Date: Friday, 10 March 2017
When the news reached Adiqa that Kenya’s Dadaab refugee camps would soon be shut down and everyone living in them had to leave, she wasn’t sure what to do. It seemed like madness to just pack up and go, after living there for the past five years. All her children were going to school for free. But dawdling didn’t seem to be an option either.
In the end, Adiqa and her husband decided to go with the flow. Together with other families, Adiqa, who was eight months pregnant at the time, her husband and their five children set out on the journey back to Somalia. On August 29, they arrived in Kismayo, the capital city of the Lower Juba region in southern Somalia. Just days later, her sixth child, a boy, was born. They named him Geedi, which means “traveller”.
Since the start of the voluntary return of Somali refugees from Kenya in December 2014, following the signing of a tripartite agreement between the two governments and the United Nations High Commissioner for Refugees, more than 38 000 refugees have returned.

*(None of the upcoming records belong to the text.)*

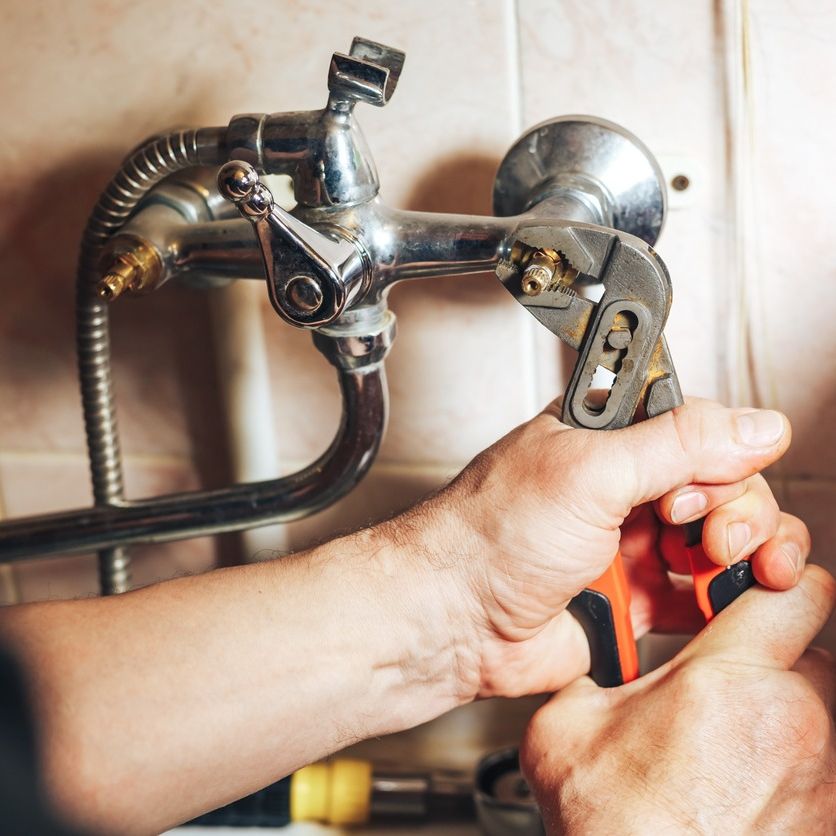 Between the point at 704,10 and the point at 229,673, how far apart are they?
0.37 m

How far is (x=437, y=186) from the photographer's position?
55 cm

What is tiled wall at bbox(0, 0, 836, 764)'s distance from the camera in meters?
0.49

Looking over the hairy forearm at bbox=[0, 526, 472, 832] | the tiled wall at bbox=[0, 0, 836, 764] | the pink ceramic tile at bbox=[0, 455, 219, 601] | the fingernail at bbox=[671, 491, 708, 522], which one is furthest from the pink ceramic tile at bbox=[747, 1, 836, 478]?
the pink ceramic tile at bbox=[0, 455, 219, 601]

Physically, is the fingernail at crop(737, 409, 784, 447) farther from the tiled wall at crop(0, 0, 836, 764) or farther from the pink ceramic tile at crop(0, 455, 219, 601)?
the pink ceramic tile at crop(0, 455, 219, 601)

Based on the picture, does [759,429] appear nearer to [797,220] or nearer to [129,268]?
[797,220]

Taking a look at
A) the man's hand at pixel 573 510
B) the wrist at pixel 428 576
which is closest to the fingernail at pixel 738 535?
the man's hand at pixel 573 510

The bulk of them — 32 000 —returned when the repatriation process intensified ahead of the November 2016 deadline for the camps’ closure. Most settled in Kismayo, with others going on to Mogadishu, Baidoa and other cities and towns in southern Somalia.
When I met Adiqa and baby Geedi, who was three months old, they were at a health clinic near the displaced persons’ camp they were living in, waiting to get Geedi checked for signs of malnutrition. Basic health and nutrition services have been provided free to all children and mothers — returnees and residents of host communities alike.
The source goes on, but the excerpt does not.